Flaminino cominciò subito a tessere una rete di alleanze anti-macedoni. Diede un ultimatum a Filippo: egli doveva liberare immediatamente le città greche dall'assedio. Filippo, che si sentiva forte delle posizioni, non accettò. Flaminino, con l'aiuto di guide locali, fu però talmente abile da aggirare le fortificazioni macedoni e costrinse Filippo ad indietreggiare ancora di più verso l'interno.
Intanto dalle parti di Roma si erano schierate anche le città dell'Achea, fino ad allora alleate della Macedonia. Successivamente anche Sparta e la Beozia cambiarono l'alleanza in favore dei romani. Filippo era sempre più isolato. Contemporaneamente, la flotta alleata si era intanto avvicinata a Corinto, importante centro sotto inluenza macedone.

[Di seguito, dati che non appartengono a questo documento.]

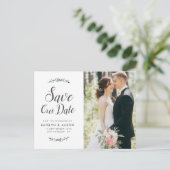 elegante botanische bruiloft met uitzondering van briefkaart (Staand voorkant)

Nel 197 a.C. la situazione era ormai matura per lo scontro diretto. Filippo non poteva attendere oltre con il rischio di rimanere sempre più solo, Flaminino temeva di essere sostituito alla guida dell'esercito.
Lo scontro avvenne in Tessaglia, sulle colline dette Cinocefale ("teste di cane"). Filippo aveva assoldato le riserve, tra loro anche ragazzi di sedici anni, entrambi gli eserciti disponevano di circa 26.000 uomini. I romani vinsero infliggendo pesanti perdite ai macedoni, che non avevano potuto sfruttare le qualità della falange sul terreno collinare e scosceso.

I romani, temendo l'intervento siriano, si affrettarono a trattare l'armisitizio. Si decise una tregua di quattro mesi e il pagamento di 400 talenti. Filippo doveva inoltre interrompere gli assedi alle città greche ed evaquare quelle conquistate, oltre a consegnare la flotta militare.
Le clausole non furono troppo severe perché già si pensava di guadagnarsi l'appoggio di Filippo nella futura e ormai inevitabile guerra contro la Siria.

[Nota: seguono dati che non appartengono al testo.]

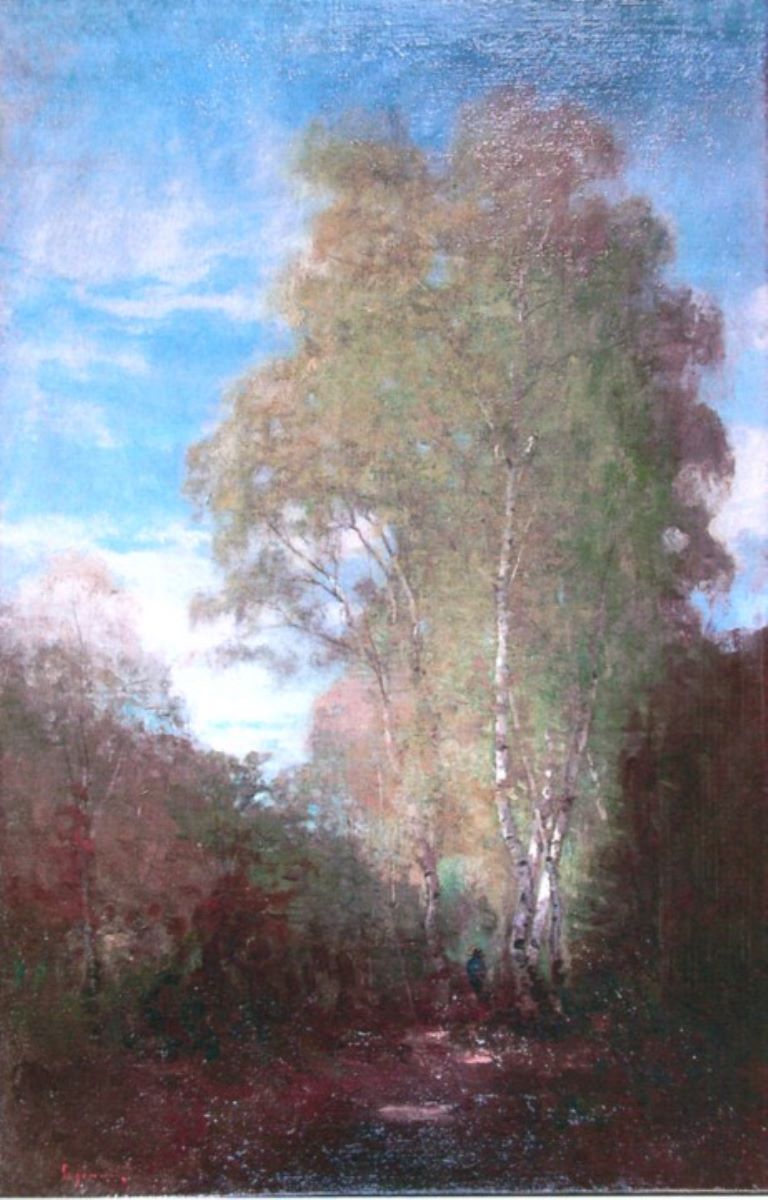 În pădure la Fontainebleau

La liberazione della Grecia

Sempre nell'ottica diplomatica di crearsi un largo consenso nelle regione orientali, Roma e Flaminino dichiararono solennemente la libertà della Grecia. Il testo del trattato recitava: "In generale, tutti gli Elleni, sia asiatici che europei, saranno liberi e sottoposti a proprie leggi".

Polibio scrisse della dichiarazione in occasione dei giochi istmici dell'estate del 196 a.C., riportando l'araldo: "Il senato romano e il comandante con potere consolare, Tito Quinzio, che hanno vinto il guerra Filippo e i Macedoni, donano la libertà ai Corinzi, ai Focesi, agli Egei, agli Achei Ftioti, ai Magneti, ai Tessalici, ai Perrebi, permettendo loro di non mantenere guarnigioni, di non pagare imposte e di vivere secondo la legge dei loro padri".

Le città greche da sole non potevano ormai contrastare né i Macedoni, né Roma, né tantomeno la Siria. Roma decise allora di stringere un accordo che in termini moderni si definirebbe di "partnerariato", ben sapendo di essere il soggetto più forte. Roma avrebbe quindi aiutato la Grecia, frammentata come sempre in un'innumerevole sciame di città indipendenti e piccoli stati, proteggendola con il suo prestigio politico e la sua forza militare.

In sostanza fu un'abile mossa diplomatica per garantirsi il favore di una antica e onorata civiltà, se Roma non avesse dichiarato la libertà dei greci, lo avrebbe fatto Antioco di Siria, con grave danno politico e strategico.

In realtà Flaminino mantenne a lungo guarnigioni romane in Grecia, che ritirò solo sotto la pressione della popolazione, che già lamentava l'occupazione romana e il tradimento dell'annuncio. I romani intendevano ridisegnare la carta geo-politica di una regione ritenuta ancora instabile. In vista di una invasione siriana, Flaminino e il consiglio dei dieci, incaricati di vegliare sulla regione, cercarono di attirare a sé più alleati possibili.